We used the ones that were already available, but what we did take great pains to do is to make sure that we labelled everything as such, and said that these are not actual photographs, because some of them do look kind of like photographs, and there were certain ones that we wouldn’t use … I mean, for example, I guess, there are some CDR sort of artist impressions that do make them look like trees, so we didn’t use those sorts of things. We used the sort of ones that look like giant fans really (Figure 1).

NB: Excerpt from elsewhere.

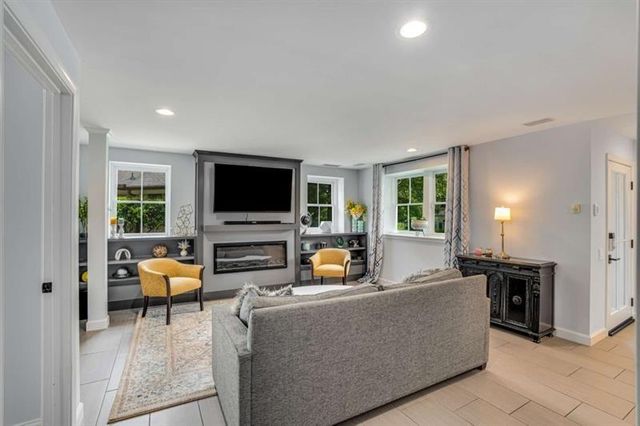 1678 Nottingham WY NE, Atlanta, GA 30309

Well, certainly that is the way that a lot of people do envision they will look like, rather than more like the things next to the motorways, where they look kind of like graters and look quite in keeping with the landscape. (Interview 2)

Figure 1.

Figure 1.

Artists’ impressions of air capture and storage devices.6 (a) ‘Giant fans’. Credit: Carbon Engineering Ltd. (b) ‘Artificial trees’. Courtesy Institute of Mechanical Engineers.

This careful positioning of images was meant to qualify the ‘reality effect’ that any visual representation of geoengineering was bound to have. The images of CDR technologies presented to participants were all equally fictional; the choice of image thus reflected a preference for a certain aesthetic register to represent the future of geoengineering – or, more accurately, of what a future with geoengineering in it might look like. The ‘grater’ conveys a future in which geoengineering is a design-conscious intervention, ‘in keeping’ with a landscape that appears futuristic in a suitably contemporary way (the artefacts appear relatively small next to the giant wind turbines, and their sleek curvature resembles that of a portable communication device). The ‘giant fan’, in contrast, appears bulky and intrusive. The choice of this image to depict what CDR might look like was thus a choice for a more obtrusive, less streamlined future, one in which geoengineering stands out more starkly from the environment, reminding us perhaps of our industrial-era environmental sins.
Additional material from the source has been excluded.